Apart from that, a standalone company may be given the right to fully deduct net borrowing costs if it is, in short, not part of a group. Alternatively, a taxpayer may be given the right to deduct net borrowing costs below a €3 million threshold. These options are up to individual countries to allow; my reaction, we should allow this.
Another option is that the ATAD allows Member States to have two different group exclusion provisions based on either an “equity/total assets” ratio or a group EBITDA test. This is effectively a balance sheet or P&L approach. Your group might be “asset heavy” (depending on the industry) such that one option may be more beneficial over the other. Therefore, many commentators (I’m one!) argue this is not a one size fits all point but rather tax law should allow taxpayers to choose the most appropriate option for them.
That just acknowledges that corporate groups that build bridges (real not metaphorical ones!) are not the same as those writing algorithms for the next must have app.
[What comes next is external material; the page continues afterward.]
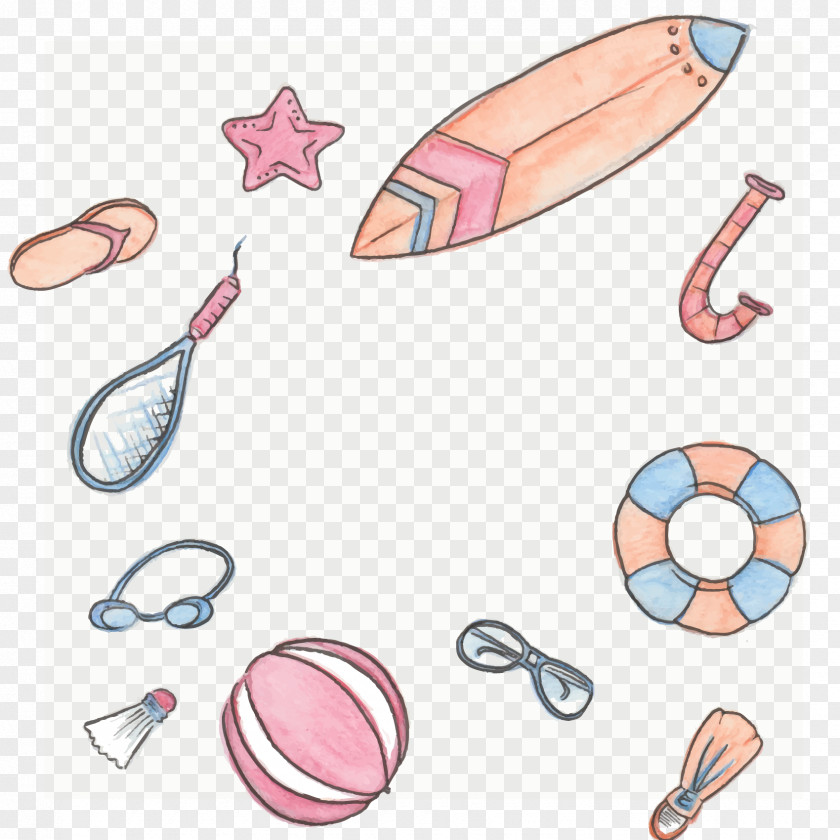 Painted Summer Beach Vacation Element Vector Illustration Euclidean Clip Art PNG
All these options will determine how competitive we are when compared to our European counterparts. Best in compliance class could put us back of the investment class.
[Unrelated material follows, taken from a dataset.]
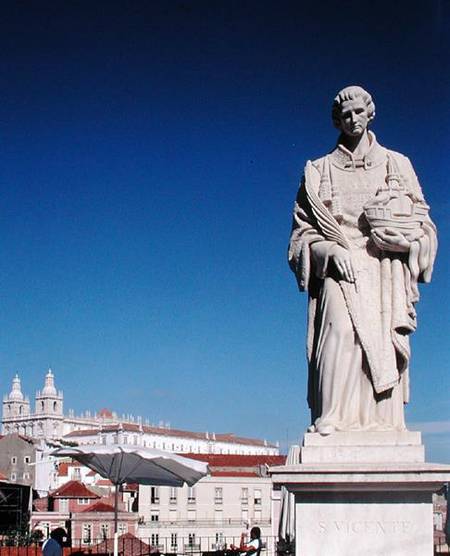 Statue of St Vincent with the Monastery of San Jeronimo in the background de Portuguese School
Here’s the kicker, the ATAD says Member States can have a transitional period if their own “targeted rules” on interest deductions (countermeasures) for preventing Base Erosion and Profit Shifting (BEPS) are “equally effective” to those contained in the ATAD. Those countries can still apply their targeted rules until the end of the first fiscal year following the agreement between the OECD Members on a minimum standard for interest deductions, or, at the latest, until 1 January 2024.
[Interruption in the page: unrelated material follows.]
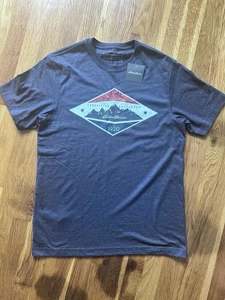 EDDIE BAUER girocollo uomo blu diamantato grafica manica corta taglia small nuovo con etichetta - Foto 1 di 8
The public consultation document mentioned earlier explains (as did the Department’s previously published roadmap) that we would be bringing about such a rule but “…The timing of that legislation will be determined following further engagement with the European Commission. Ireland remains of the view that our national targeted rules for preventing BEPS risks are equally effective to the interest limitation rule set out in Article 4 of the Directive and will continue to engage with the European Commission in this regard. … In view of the complexity of our existing interest limitation rules, it is anticipated that transposition could potentially advance, at the earliest, to Finance Bill 2019.” So we could have an interest restriction possibly five years ahead of schedule if the OECD does not bring about a minimum standard anytime soon.
Are our interest rules complex? As Daniel Craig whispered as James Bond in “Casino Royale” (2006) after he executed his second kill giving him “00” status: “Yes [dramatic pause] considerably”. But that’s a huge understatement because they are galactically complex.
A company can borrow money to acquire another company or lend to another company and claim a tax deduction on that borrowing’s interest. Simple right? When that deduction first became law almost 40 years ago, the related legislation was about three quarters of a page long, now it’s almost 9 pages long. The relief has remained practically the same; it’s just that the targeted countermeasures have ballooned the law. But that’s only one type of interest deduction, there are special rules for financing a company’s trade, financing rental properties, overseas borrowing and the list goes on.
So we should continue to argue for a 2024 change date; but whenever we have to adopt this new-fangled interest restriction should we be simplifying our related tax code as the quid pro quo? “Yes, considerably”.
Simplicity eats complexity for breakfast and our competitors will be looking at chinks in our armour when all EU countries have to bring about similar law. A corporate group’s lifeblood is not the place for weakness.